Cybersecurity researchers have warned of a new malicious Python package that has been discovered in the Python Package Index (PyPI) repository to facilitate cryptocurrency theft as part of a broader campaign.

The package in question is pytoileur, which has been downloaded 316 times as of writing. Interestingly, the package author, who goes by the name PhilipsPY, has uploaded a new version of the package (1.0.2) with identical functionality after a previous version (1.0.1) was yanked by PyPI maintainers on May 28, 2024.

According to an analysis released by Sonatype, the malicious code is embedded in the package's script, allowing it to execute a Base64-encoded payload that's responsible for retrieving a Windows binary from an external server.


"The retrieved binary, 'Runtime.exe,' is then run by leveraging Windows PowerShell and VBScript commands on the system," security researcher Ax Sharma said.

Once installed, the binary establishes persistence and drops additional payloads, including spyware and a stealer malware capable of gathering data from web browsers and cryptocurrency services.

Sonatype said it also identified a newly created Stack Overflow account called "EstAYA G" responding to users' queries on the question-and-answer platform, directing them to install the rogue pytoileur package as a supposed solution to their issues.

"While definitive attribution is challenging when assessing pseudonymous user accounts on internet platforms without access to logs, the recent age of both of these user accounts and their sole purpose of publishing and promoting the malicious Python package gives us a good indication that these are linked to the same threat actor(s) behind this campaign," Sharma told The Hacker News.

The development marks a new escalation in that it abuses a credible platform as a propagation vector for malware.

"The unprecedented open abuse of such a credible platform, using it as a breeding ground for malicious campaigns, is a huge warning sign for developers globally," Sonatype further said in a statement shared with The Hacker News.


"Stack Overflow's compromise is especially concerning given the large number of novice developers it has, who are still learning, asking questions, and may fall for malicious advice."

When reached for comment, Stack Overflow told The Hacker News that it took steps to suspend the account.

"The Stack Overflow Trust & Safety team has investigated the claim," a spokesperson for the company told the publication. "The team discovered certain content that violates Stack Overflow network policies, removed it from the network, and took further actions in accordance with standard incident response procedures."

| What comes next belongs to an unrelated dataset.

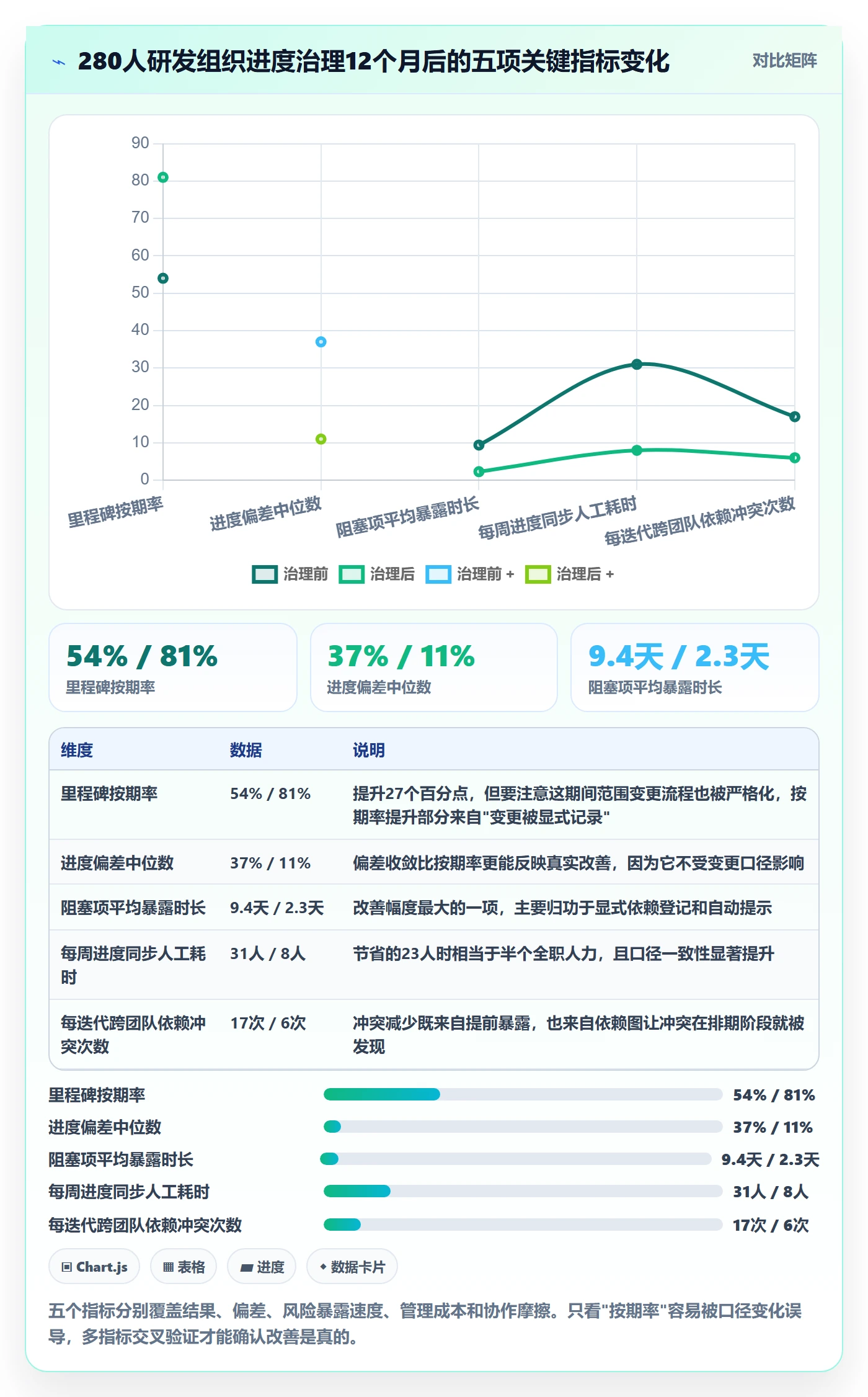 实际进度管理方法大全:产品经理进度管理实操方法落地清单
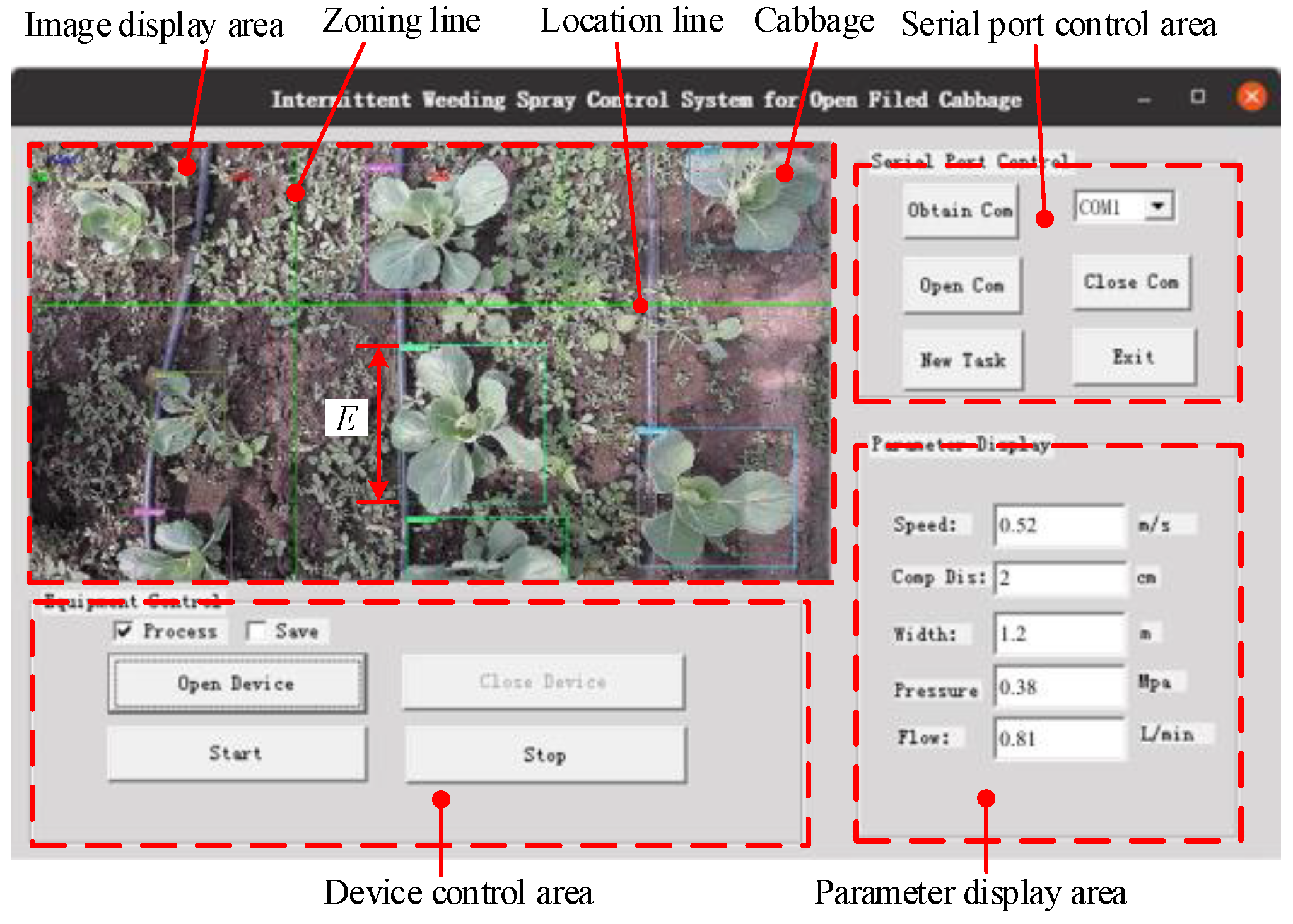 Agronomy 13 00286 g005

A closer examination of the package metadata and its authorship history has revealed overlaps with a prior campaign involving bogus Python packages such as Pystob and Pywool, which was disclosed by Checkmarx in November 2023.

The findings are another example of why open-source ecosystems continue to be a magnet for threat actors looking to compromise several targets all at once with information stealers like Bladeroid and other malware by means of what's called a supply chain attack.

(The story was updated after publication to include a response from Stack Overflow about the account’s suspension.)